What Do I Read Next?
Euripides's Phaedra and Jean Racine's seventeenth-century version of it, Phedre, portray a woman who immorally falls in love with her step-son and in retaliation against his rebuff claims that he tried to dishonor her. The works examine similar moral ground to that examined in Medea.
Toni Morrison's moving novel Beloved (1987) revolves around a historical incident of infanticide performed by a slave mother who is moved to this tragic act by the horrors of slavery—she murders her child to remove it from the life of toil, shame, and pain that she has led. Her act haunts characters through several generations of her family.
In Shakespeare's Macbeth (c. 1605) Lady Macbeth pushes her husband to commit murder and then goes mad from the guilty thoughts that plague her. Indirectly, her ambition is responsible for a series of murders, including some innocent children, that Macbeth commissions in his vain efforts to obscure their crime.

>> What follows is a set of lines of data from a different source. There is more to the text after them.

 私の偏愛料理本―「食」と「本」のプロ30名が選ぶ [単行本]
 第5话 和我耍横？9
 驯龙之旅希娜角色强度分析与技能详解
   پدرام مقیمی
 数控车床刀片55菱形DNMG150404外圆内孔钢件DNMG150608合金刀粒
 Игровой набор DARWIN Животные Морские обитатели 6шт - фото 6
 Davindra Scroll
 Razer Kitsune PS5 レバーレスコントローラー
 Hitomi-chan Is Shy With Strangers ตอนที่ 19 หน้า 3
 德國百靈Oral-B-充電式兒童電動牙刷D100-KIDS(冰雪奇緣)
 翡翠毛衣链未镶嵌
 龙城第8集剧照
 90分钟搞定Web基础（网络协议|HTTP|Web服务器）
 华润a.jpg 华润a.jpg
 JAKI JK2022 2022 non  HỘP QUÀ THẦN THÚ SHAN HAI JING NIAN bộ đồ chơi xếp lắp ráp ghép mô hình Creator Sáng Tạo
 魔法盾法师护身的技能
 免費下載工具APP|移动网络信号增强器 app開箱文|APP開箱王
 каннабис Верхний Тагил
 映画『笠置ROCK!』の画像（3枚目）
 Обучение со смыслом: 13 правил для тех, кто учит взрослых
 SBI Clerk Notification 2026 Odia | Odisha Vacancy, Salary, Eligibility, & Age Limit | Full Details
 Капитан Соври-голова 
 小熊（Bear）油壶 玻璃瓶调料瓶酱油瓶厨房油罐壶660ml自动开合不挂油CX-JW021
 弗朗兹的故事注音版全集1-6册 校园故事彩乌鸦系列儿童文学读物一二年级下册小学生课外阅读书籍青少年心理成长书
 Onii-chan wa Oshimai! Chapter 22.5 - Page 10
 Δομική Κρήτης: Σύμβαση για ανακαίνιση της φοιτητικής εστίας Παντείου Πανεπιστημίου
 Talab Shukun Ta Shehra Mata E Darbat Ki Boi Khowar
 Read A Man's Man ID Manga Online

George Eliot's Adam Bede (1859) centers on the relationship between Adam Bede and Hetty Sorrel, who becomes pregnant by a local nobleman and abandons her baby to die.
The Lion in Winter, a 1968 film directed by Anthony Harvey and starring Katherine Hepburn as the powerful Eleanor of Acquitaine, concerns the tense interplay between her and Henry II as he chooses between her and his lover's brother for a successor to the throne. Eleanor and Henry's three sons side with her in rebelling against the unfaithful king.